The arguments came in two DWI cases as defense attorneys -- who agree with General District Court Judge Ian M. O'Flaherty's opinion that the law is unconstitutional -- asked a Circuit Court judge to dismiss the charges. Fairfax Circuit Court Judge Robert W. Wooldridge Jr. set both cases for trial in December and said he would issue his rulings before then.
Whichever way Wooldridge rules, the cases are almost certainly headed for the Virginia Supreme Court -- and a ruling on the legality of the state's laws on driving while intoxicated.
Both DWI cases originated in the lower court, where O'Flaherty had made it clear in other cases that he believed the state's DWI laws made some unconstitutional presumptions. The law states that drivers with a blood alcohol level of .08 are presumed to have been drunk at the time of the alleged offense.
Although he has relied on the law to convict drunk drivers for many years,
the judge also has a problem with presuming that a person's blood alcohol level 90 minutes or more after the arrest, when most breath tests are given, is the same as it was at the time of the arrest. The law says both presumptions are "rebuttable," meaning defendants can offer their own evidence to contest police evidence.
But O'Flaherty,
citing a 1985 Supreme Court ruling, said requiring a defendant to do anything in his own defense violates the Fifth Amendment. Prosecutors are required to prove criminal cases beyond a reasonable doubt; the defendant is not required to do anything, the judge said. Twice, he has declared the state law unconstitutional.
Virginia prosecutors may not appeal constitutional rulings, or anything else, from General District Court. And it was only a pair of state constitution changes, approved by voters more than a decade ago, that allowed prosecutors to appeal from circuit courts, and then only on constitutional and evidentiary issues.
So Fairfax prosecutors began asking O'Flaherty to dismiss drunken driving cases that landed in his courtroom. There are 10 General District Court judges in Fairfax, and as many as five are hearing randomly assigned traffic cases any one morning.
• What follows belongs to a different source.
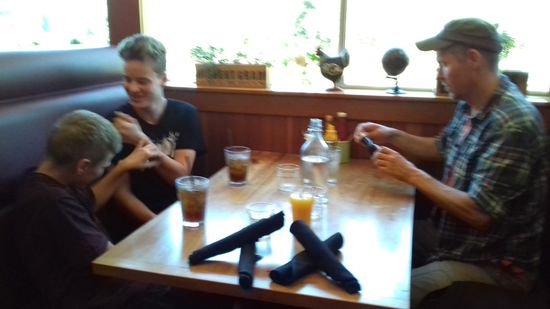 Lunchbreak in Boonville ...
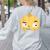 The Cool Bean Good Egg Teacher Halloween Costume Food Group Women's Sweatshirt Back Print Ash The Cool Bean Good Egg Teacher Halloween Costume Food Group Women's Sweatshirt Back Print Ash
When O'Flaherty dismissed a case, prosecutors then indicted the defendant in Circuit Court, where either side could appeal.
This month, O'Flaherty began refusing to dismiss cases for possible indictment, saying he had done so enough times for appeal purposes. He then began finding some defendants not guilty, in part by refusing to presume that they were drunk based on their blood alcohol test.
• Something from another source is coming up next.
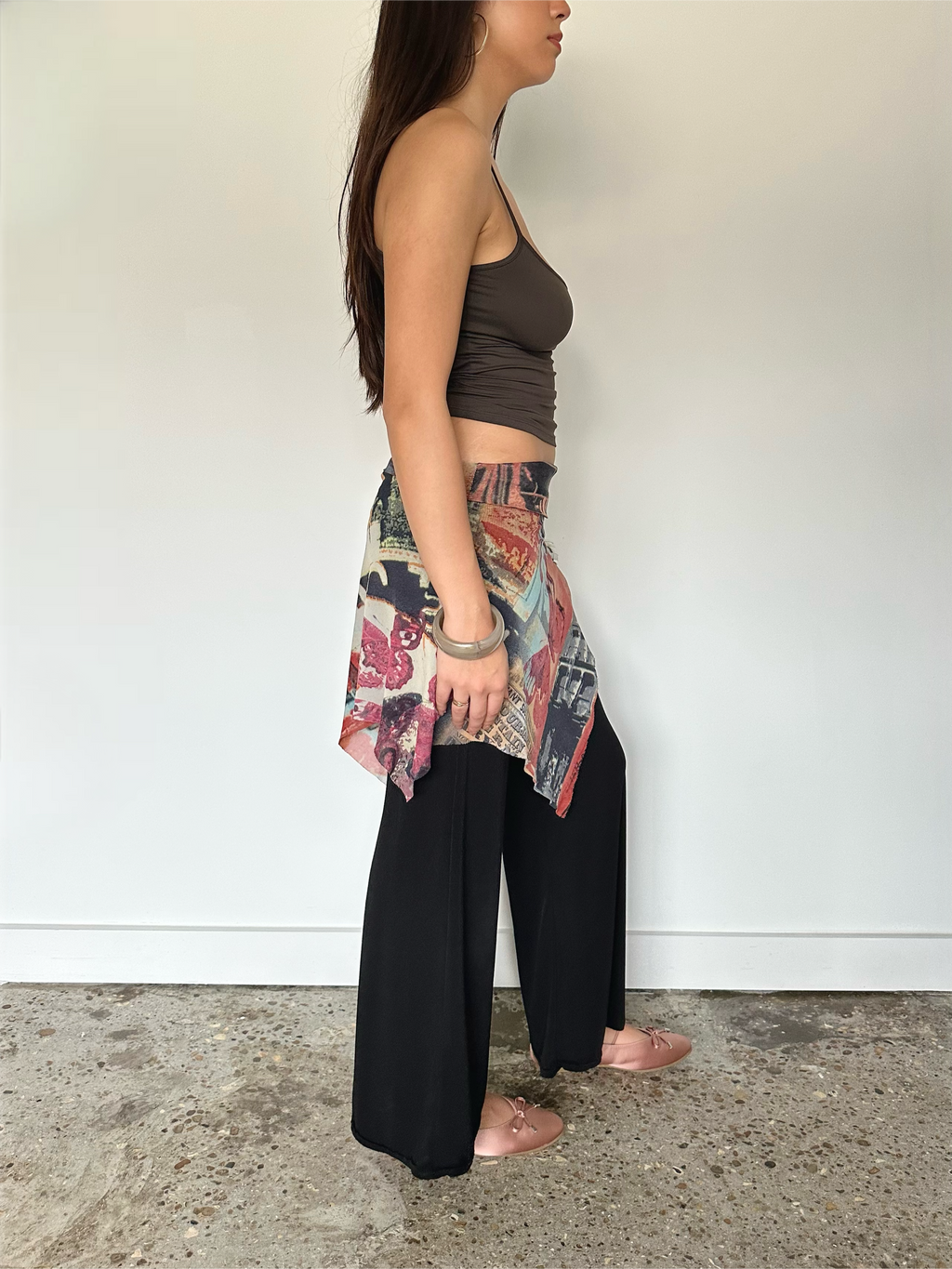 skirt overlay trousers — size s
Corinne J. Magee, representing Edward Q. Yap in one of the cases before Wooldridge yesterday, said a law telling a judge or jury to presume someone was drunk, based solely on their blood alcohol level, "puts the onus on the defendant to disprove his own intoxication." She said such a defense "likely will not be found sufficient."
Assistant Commonwealth's Attorney Casey M. Lingan said the law's presumption of drunkenness does not shift the burden to a defendant but merely allows "a permissible inference that's based on loads and loads of scientific study." He said the presumption "takes away the necessity of having an expert hauled into court every time a misdemeanor [drunken driving] case is held."
Todd F. Sanders, representing the second defendant, Gonzalo Padilla, said: "This is not an inference. It's a presumption under the statute and the way that every judge in this circuit interprets it." He said defendants could combat the blood alcohol presumption only by calling their own experts to testify.
Lingan also argued in a brief that the Supreme Court case cited by O'Flaherty,
Francis v. Franklin , dealt with the intent of a murder defendant and an instruction that told jurors to presume that a suspect had intent to kill if he was "of sound mind." Lingan said "intoxication presumptions are based on scientific research. . . . Thus the presumptions of intoxication are inherently reliable as opposed to subjective like those in" the Francis case.
Assistant Commonwealth's Attorney Kathryn S. Swart, who has argued so vigorously with O'Flaherty that he threatened her with jail, said defense attorneys can rebut the presumption by cross-examining police and attacking other prosecution evidence.
In a brief, Swart wrote that the Constitution "does not prohibit the use of presumptions or inferences as procedural devices to shift to the accused the burden of producing some evidence contesting the otherwise presumed or inferred fact."